Now, assume \(u_g\) is convex and lower semicontinuous. Then, by Fenchel Moreau, \(u_g = h^*\) for some function \(h:\mathbb{R}^d \to \mathbb{R} \cup \{+ \infty\}\). Define \(f(x) = \frac{1}{2} |x|^2 - h(x)\) (so \(u_f(x) = h(x)\)). Then, \(u_g = (u_f)^*=u_{f^c}\), which implies \(g=f^c\). Thus, \(g\) is \(c\)-concave.

The Dual problem

Let \(X\) and \(Y\) be Polish spaces. Let \(\mu\) and \(\nu\) be probability measures on \(X\) and \(Y\) respectively. Let \(c: X \times Y \to [0,\infty]\) be lower semicontinuous. The dual problem of the Kantorovich problem is \[ \sup_{f(x)+g(y) \leq c(x,y)} \int f(x) d \mu(x) + \int g(y) d \nu(y) \tag{1}\] where the supremum is take over all \(f \in L^1(\mu), g \in L^1(\nu)\) such that \(f(x)+g(y) \leq c(x,y)\).
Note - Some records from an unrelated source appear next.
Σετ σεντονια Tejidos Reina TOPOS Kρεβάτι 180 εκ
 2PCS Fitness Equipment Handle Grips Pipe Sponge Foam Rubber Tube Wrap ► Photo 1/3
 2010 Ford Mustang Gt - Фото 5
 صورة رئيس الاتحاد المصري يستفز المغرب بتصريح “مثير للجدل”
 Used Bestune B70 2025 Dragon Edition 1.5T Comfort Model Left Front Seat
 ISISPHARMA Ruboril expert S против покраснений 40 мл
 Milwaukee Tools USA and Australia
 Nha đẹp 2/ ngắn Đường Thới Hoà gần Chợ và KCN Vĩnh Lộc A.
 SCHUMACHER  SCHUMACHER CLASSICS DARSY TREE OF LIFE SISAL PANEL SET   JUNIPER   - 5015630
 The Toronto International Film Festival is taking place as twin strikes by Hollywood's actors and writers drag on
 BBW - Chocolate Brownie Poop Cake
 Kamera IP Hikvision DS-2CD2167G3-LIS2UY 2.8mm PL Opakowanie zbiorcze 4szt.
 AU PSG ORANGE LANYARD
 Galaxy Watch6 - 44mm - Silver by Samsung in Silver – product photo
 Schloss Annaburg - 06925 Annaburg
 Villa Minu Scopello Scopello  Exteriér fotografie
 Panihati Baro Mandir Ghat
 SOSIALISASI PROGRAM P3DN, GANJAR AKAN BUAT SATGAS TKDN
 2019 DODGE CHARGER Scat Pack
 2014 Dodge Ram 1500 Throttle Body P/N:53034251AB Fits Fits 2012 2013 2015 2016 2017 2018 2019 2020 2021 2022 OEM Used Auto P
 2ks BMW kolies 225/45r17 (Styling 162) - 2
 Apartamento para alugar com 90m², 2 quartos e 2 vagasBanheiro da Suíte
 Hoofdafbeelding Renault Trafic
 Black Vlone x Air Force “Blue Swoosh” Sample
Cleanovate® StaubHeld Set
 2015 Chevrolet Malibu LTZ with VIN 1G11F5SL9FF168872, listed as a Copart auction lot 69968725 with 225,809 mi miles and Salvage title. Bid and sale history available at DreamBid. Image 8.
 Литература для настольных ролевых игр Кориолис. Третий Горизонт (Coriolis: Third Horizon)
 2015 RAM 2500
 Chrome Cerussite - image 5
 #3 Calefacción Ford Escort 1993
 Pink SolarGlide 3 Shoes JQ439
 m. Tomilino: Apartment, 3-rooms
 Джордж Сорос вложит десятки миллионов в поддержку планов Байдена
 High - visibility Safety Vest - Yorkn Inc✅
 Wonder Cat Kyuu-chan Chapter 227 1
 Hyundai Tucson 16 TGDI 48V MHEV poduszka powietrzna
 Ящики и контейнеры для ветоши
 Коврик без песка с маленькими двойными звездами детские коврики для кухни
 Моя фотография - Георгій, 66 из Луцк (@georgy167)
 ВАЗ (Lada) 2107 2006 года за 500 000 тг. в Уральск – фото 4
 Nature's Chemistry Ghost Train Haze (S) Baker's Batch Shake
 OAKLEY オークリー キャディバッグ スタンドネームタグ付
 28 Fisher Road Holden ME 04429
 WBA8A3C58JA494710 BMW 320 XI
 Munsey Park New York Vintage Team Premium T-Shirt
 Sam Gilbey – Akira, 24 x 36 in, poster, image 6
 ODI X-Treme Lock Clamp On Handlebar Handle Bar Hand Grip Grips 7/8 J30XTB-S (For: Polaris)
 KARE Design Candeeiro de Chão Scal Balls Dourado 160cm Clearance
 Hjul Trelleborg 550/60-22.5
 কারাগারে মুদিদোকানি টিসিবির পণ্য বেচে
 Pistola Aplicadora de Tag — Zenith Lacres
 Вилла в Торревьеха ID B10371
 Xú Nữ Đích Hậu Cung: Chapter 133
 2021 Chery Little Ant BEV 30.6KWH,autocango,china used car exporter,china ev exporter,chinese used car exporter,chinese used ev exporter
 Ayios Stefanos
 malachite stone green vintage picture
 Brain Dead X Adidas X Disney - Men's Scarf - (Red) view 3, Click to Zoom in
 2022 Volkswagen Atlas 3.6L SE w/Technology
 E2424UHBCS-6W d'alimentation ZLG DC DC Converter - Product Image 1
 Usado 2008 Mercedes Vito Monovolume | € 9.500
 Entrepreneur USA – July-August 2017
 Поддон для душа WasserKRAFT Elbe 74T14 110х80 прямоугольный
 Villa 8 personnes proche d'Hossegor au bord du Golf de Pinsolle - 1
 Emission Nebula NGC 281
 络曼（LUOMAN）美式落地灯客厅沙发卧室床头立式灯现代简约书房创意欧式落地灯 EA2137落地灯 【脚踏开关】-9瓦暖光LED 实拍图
There is one thing here that isn’t standard: sometimes you take instead \(f \in C_b(X)\), \(g \in C_b(Y)\) instead of \(f \in L^1(\mu), g \in L^1(\nu)\). That is, you maximize over the smaller set of continuous and bounded functions. Whenever \(X\) and \(Y\) are Polish spaces \(C_b\) is dense in \(L^1\) so the supremum is the same. However, working in \(L^1\) is can be convenient because sometimes maximizers \((f,g)\) of Equation 1 are non-continuous \(L^1\) functions.

Solvability of the Dual Problem with Quadratic Cost

Theorem 2 Let \(\mu\) and \(\nu\) be (Borel) probability measures on \(\mathbb{R}^d\). Assume \[\int_{\mathbb{R}^d} |x|^2 d \mu ( x) < +\infty \quad \text{and} \quad \int_{\mathbb{R}^d} |y|^2 d \mu ( x) < +\infty.\] Then, there is a maximizer \((f,g)\) to the dual Kantorovich problem. Moreover, \(u_f\) and \(u_g\) are both convex and \(u_f^* = u_g\).

This is Theorem 1.40 in (Santambrogio 2015) (p.32), a proof can be found there. For more general \(c(x,y)\), the dual problem still has a solution (and the maximum of the dual problem is equal to the infimum in the primal problem) as is discussed here. However, much of the proof in the non-quadratic case relies on theory of the \(c\)-transform instead of convex analysis. The book (Santambrogio 2015) is also a good resource to see the proof in the general case.

References

Santambrogio, Filippo. 2015. “Optimal Transport for Applied Mathematicians.” Birkäuser, NY 55 (58-63): 94.